Strateginya, pemerintah akan mencetak sawah hingga tiga juta hektar di Maluku hingga Kalimantan Tengah. “Bahkan kita siap menjadi lumbung pangan dunia,” katanya.
Laporan Menelan Hutan Indonesia (2021) mencatat sejarah kegagalan program food estate di Indonesia. Pada era Presiden Jokowi, program ini menyebabkan deforestasi yang cukup luas dari Sumatera hingga Papua. Diantaranya, program food estate di Kalimantan Tengah seluas 770.000 hektar, Papua dua juta hektar dan Sumatera Utara 32.000 hektar. Dampaknya bukan pada peningkatan produktivitas pangan tapi peningkatan konflik agraria, kerusakan lingkungan masif hingga pelanggaran HAM.
Proyek ini sebetulnya sudah ada sejak 1996, Presiden Soeharto menjalankan proyek Pengembangan Lahan Gambut (PLG) Sejuta Hektare di Kalimantan. Sayangnya, itu tidak berhasil dan menyebabkan kebakaran hutan yang terus berulang saat musim kemarau hingga saat ini.

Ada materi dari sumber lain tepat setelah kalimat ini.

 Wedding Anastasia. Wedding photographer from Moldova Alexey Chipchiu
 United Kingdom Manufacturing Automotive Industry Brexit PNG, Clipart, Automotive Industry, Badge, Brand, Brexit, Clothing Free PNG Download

Kegagalan berulang kembali saat Presiden Susilo Bambang Yudhoyono menjalankan proyek Merauke Integrated Food and Energy Estate (MIFEE) di Papua pada 2008. Luasnya mencapai 1,2 juta hektar. Sayangnya, tingkat kemiskinan makin meningkat karena masyarakat kehilangan hutan sagu yang menjadi sumber pangan mereka. Bahkan kerusakan hutan menyebabkan mereka tak lagi bisa berburu rusa dan babi.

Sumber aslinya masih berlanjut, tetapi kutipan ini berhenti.